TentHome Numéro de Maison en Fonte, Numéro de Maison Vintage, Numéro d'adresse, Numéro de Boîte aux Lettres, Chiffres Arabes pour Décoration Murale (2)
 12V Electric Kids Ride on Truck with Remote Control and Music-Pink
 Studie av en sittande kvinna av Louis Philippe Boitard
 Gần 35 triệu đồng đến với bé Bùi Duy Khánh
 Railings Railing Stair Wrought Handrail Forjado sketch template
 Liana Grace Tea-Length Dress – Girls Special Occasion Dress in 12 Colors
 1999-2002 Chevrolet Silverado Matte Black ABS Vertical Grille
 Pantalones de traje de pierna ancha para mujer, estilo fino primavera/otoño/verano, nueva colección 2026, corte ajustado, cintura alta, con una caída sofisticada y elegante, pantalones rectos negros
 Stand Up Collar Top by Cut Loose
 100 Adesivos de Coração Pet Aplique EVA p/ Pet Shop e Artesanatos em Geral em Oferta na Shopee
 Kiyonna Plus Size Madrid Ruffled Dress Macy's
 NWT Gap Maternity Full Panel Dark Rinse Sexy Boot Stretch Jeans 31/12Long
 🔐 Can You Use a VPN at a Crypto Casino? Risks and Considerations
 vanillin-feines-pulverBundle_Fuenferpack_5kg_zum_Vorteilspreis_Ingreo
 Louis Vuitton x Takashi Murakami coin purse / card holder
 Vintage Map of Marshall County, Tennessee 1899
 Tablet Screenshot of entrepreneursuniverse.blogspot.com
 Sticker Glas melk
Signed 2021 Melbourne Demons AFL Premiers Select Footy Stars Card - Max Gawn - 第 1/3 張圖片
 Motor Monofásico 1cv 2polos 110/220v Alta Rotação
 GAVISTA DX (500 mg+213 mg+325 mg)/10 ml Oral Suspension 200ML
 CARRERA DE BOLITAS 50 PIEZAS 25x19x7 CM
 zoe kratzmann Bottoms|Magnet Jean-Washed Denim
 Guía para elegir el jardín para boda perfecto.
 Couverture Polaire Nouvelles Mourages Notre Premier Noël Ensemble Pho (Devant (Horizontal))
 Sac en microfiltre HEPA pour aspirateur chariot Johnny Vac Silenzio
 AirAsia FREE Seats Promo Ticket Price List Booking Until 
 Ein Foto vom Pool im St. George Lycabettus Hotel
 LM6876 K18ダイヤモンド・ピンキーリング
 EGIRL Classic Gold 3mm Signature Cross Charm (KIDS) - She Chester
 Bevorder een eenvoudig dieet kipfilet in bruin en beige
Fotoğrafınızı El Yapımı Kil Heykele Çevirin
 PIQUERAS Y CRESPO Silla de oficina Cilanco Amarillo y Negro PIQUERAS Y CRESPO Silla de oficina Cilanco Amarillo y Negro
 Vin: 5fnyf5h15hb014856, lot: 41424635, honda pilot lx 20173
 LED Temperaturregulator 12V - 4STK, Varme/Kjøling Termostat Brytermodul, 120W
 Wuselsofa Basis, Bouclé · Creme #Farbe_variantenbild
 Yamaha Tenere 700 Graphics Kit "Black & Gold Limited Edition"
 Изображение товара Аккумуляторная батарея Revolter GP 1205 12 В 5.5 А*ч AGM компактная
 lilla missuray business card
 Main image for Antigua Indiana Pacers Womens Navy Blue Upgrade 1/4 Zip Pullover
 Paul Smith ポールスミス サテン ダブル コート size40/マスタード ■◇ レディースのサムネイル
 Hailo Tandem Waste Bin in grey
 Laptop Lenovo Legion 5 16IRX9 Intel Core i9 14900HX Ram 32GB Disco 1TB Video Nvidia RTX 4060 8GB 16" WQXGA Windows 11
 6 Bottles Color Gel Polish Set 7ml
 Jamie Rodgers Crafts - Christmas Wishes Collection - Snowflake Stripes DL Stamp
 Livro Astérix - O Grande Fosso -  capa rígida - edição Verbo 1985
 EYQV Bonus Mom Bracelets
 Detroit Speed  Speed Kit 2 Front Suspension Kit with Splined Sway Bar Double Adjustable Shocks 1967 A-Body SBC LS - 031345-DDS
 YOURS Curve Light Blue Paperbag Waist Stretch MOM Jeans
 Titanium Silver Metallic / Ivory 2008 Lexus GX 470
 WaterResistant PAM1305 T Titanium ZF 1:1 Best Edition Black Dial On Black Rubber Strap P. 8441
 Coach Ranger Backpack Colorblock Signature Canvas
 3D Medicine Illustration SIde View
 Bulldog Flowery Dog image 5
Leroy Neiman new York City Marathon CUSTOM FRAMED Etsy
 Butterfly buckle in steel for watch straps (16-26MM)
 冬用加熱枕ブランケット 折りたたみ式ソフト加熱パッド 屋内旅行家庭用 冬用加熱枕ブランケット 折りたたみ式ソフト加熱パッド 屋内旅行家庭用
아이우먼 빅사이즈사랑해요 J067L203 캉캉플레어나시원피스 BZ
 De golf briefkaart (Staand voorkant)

◆ **Task details**
In the material above, transcribe exactly the lines beginning at the one with "Vintage Map of" and ending at the one with "EGIRL Classic Gold", both included.

◆ **Finished exercise**
 Vintage Map of Marshall County, Tennessee 1899
 Tablet Screenshot of entrepreneursuniverse.blogspot.com
 Sticker Glas melk
Signed 2021 Melbourne Demons AFL Premiers Select Footy Stars Card - Max Gawn - 第 1/3 張圖片
 Motor Monofásico 1cv 2polos 110/220v Alta Rotação
 GAVISTA DX (500 mg+213 mg+325 mg)/10 ml Oral Suspension 200ML
 CARRERA DE BOLITAS 50 PIEZAS 25x19x7 CM
 zoe kratzmann Bottoms|Magnet Jean-Washed Denim
 Guía para elegir el jardín para boda perfecto.
 Couverture Polaire Nouvelles Mourages Notre Premier Noël Ensemble Pho (Devant (Horizontal))
 Sac en microfiltre HEPA pour aspirateur chariot Johnny Vac Silenzio
 AirAsia FREE Seats Promo Ticket Price List Booking Until 
 Ein Foto vom Pool im St. George Lycabettus Hotel
 LM6876 K18ダイヤモンド・ピンキーリング
 EGIRL Classic Gold 3mm Signature Cross Charm (KIDS) - She Chester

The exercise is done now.